Instructions for the task ▸
The answer should hold only the lines from the beginning of the listing below to the line containing "Tuyệt Thế Đường", both included, with every picture left out.

Exercise data ▸
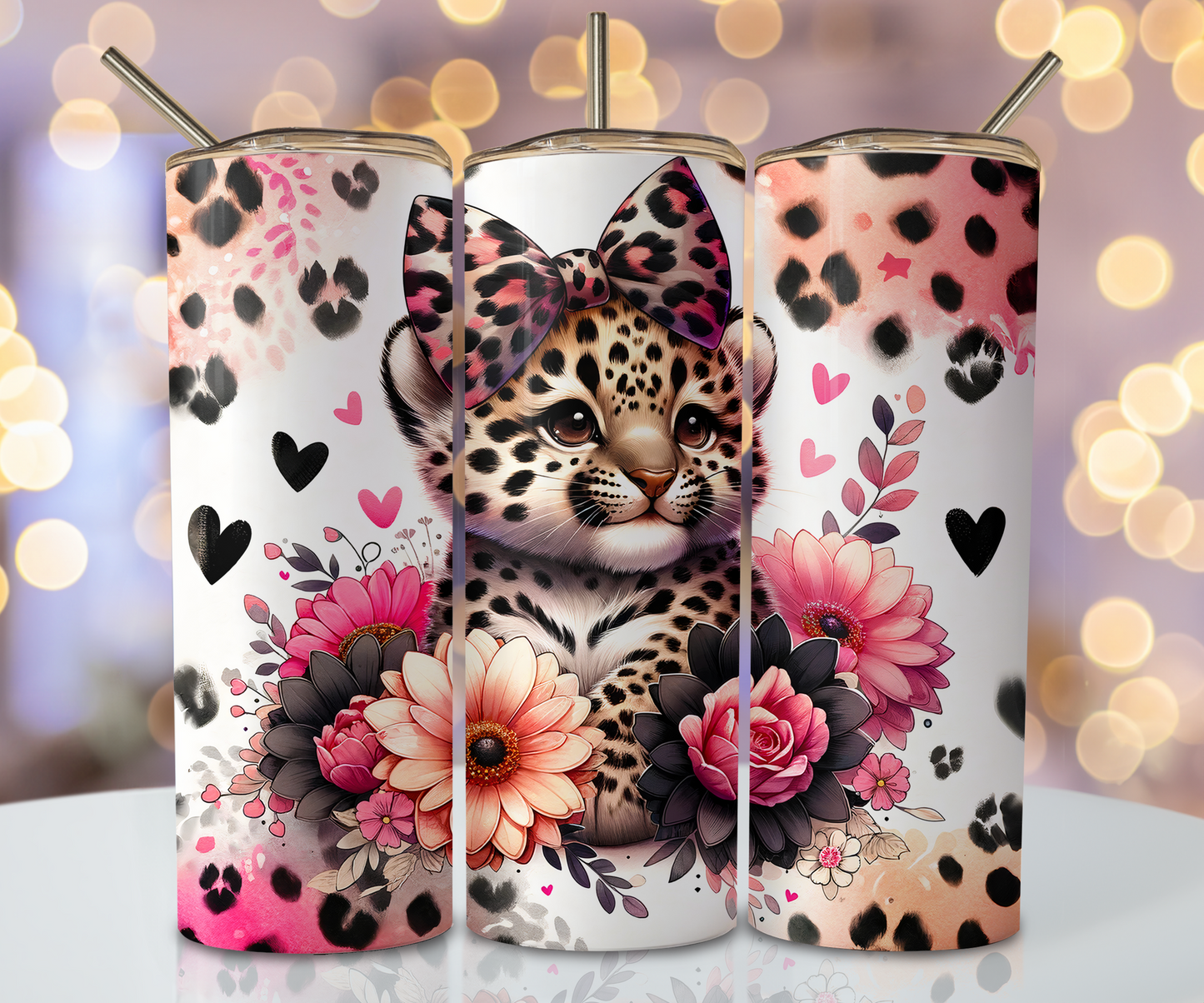 Cheetah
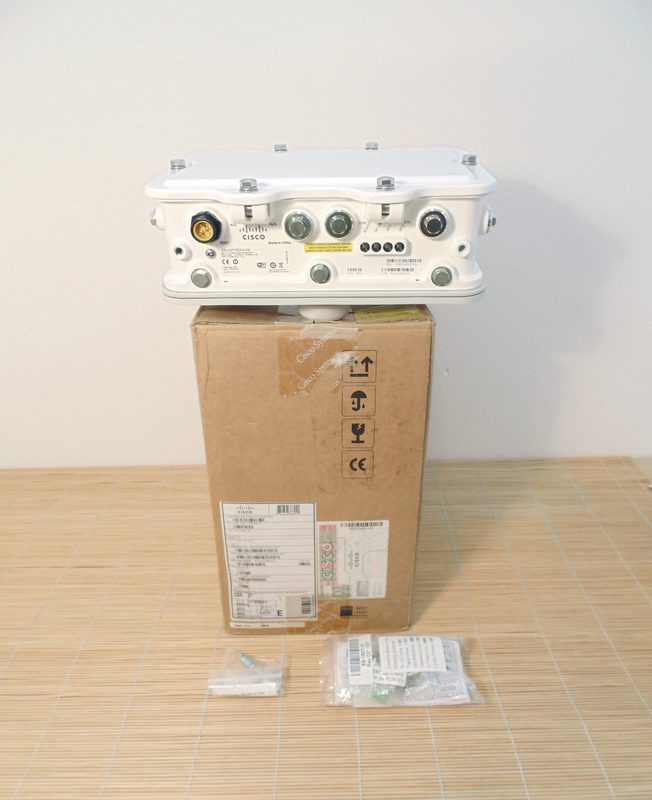 Точка доступа Cisco AIR-CAP1552I-E-K9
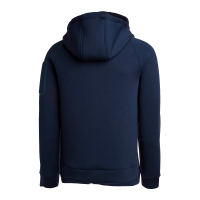 Produktbild för Paccard Hoodie Blue Male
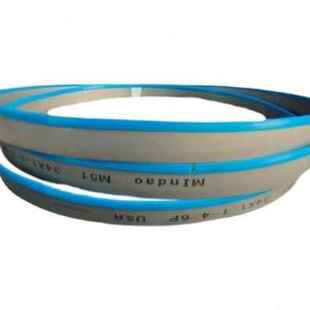 极速厂促各种金属切割机用M42双金属带锯条硬质合金锯条型号41x58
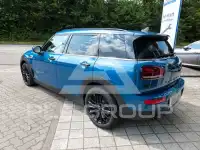 2022 Mini Clubman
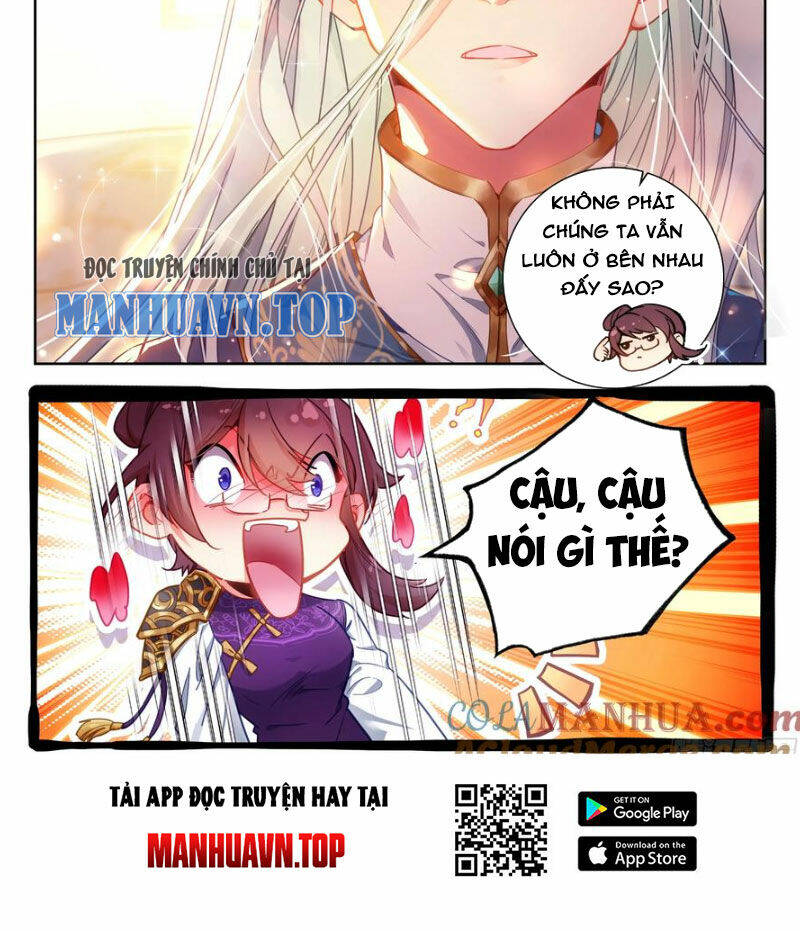 Tuyệt Thế Đường Môn – Đấu La Đại Lục 2 Chapter 423 - Trang 2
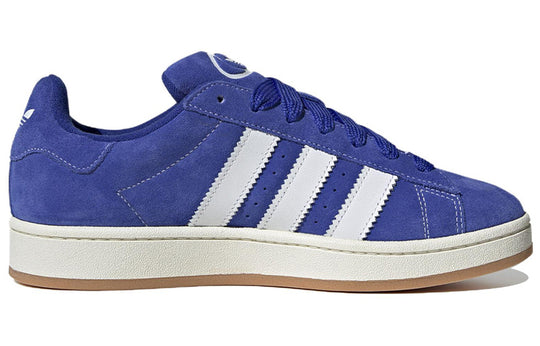 adidas originals Campus 00s 'Semi Lucid Blue Cloud White' H03471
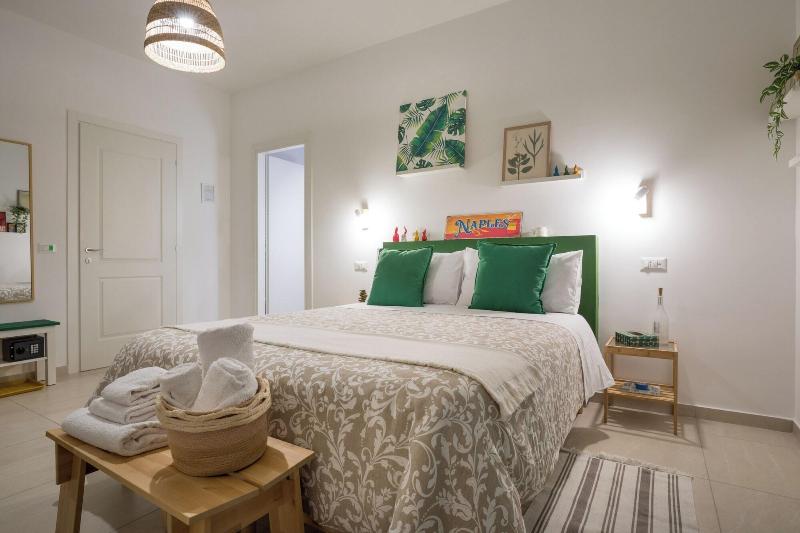Flegreo Bed And Breakfast image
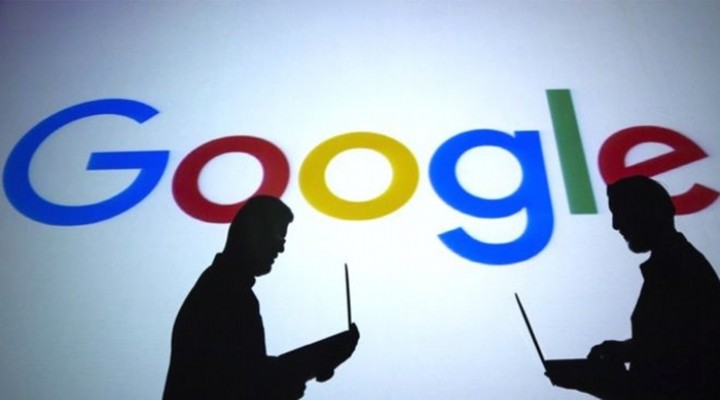 Türkiye den Google a rekor ceza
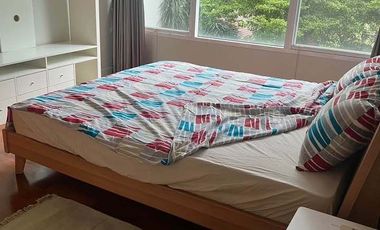 For rent 1 bed condo in Pathum Wan, Bangkok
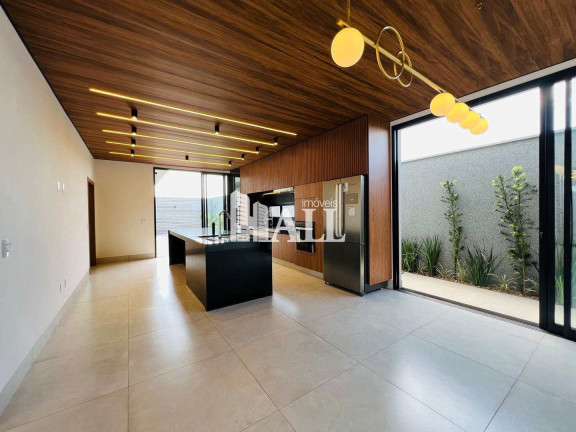 Imagem Casa com 3 Quartos à Venda, 215 m² em Terravista Residence Club - Mirassol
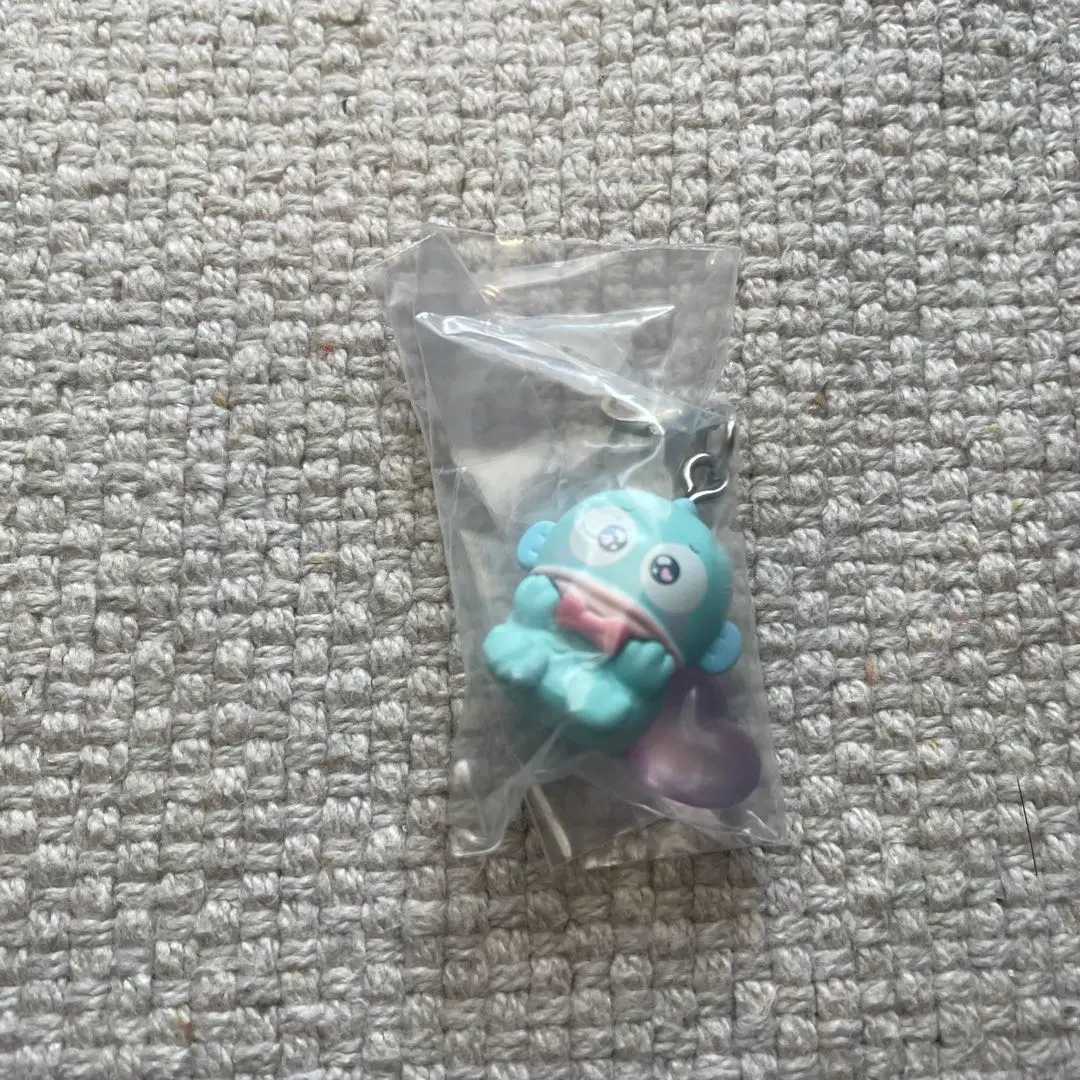 Thumbnail of Pastel Colors, Emokyun, Mejirushi Accessories, Hangyodon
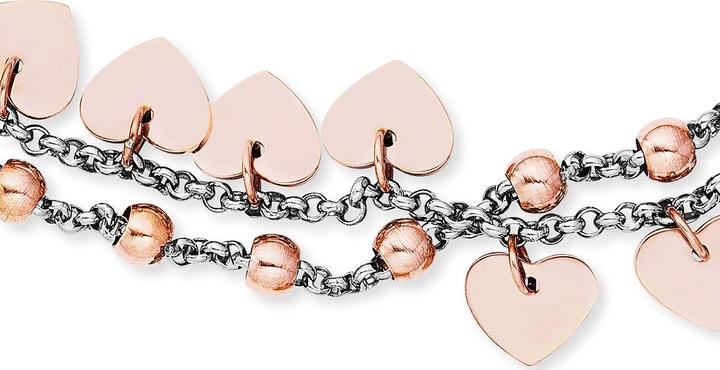 Produktbild Engelsrufer Armband (17 cm, Edelstahl)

Task answer ▸
 Cheetah
 Точка доступа Cisco AIR-CAP1552I-E-K9
 Produktbild för Paccard Hoodie Blue Male
 极速厂促各种金属切割机用M42双金属带锯条硬质合金锯条型号41x58
 2022 Mini Clubman
 Tuyệt Thế Đường Môn – Đấu La Đại Lục 2 Chapter 423 - Trang 2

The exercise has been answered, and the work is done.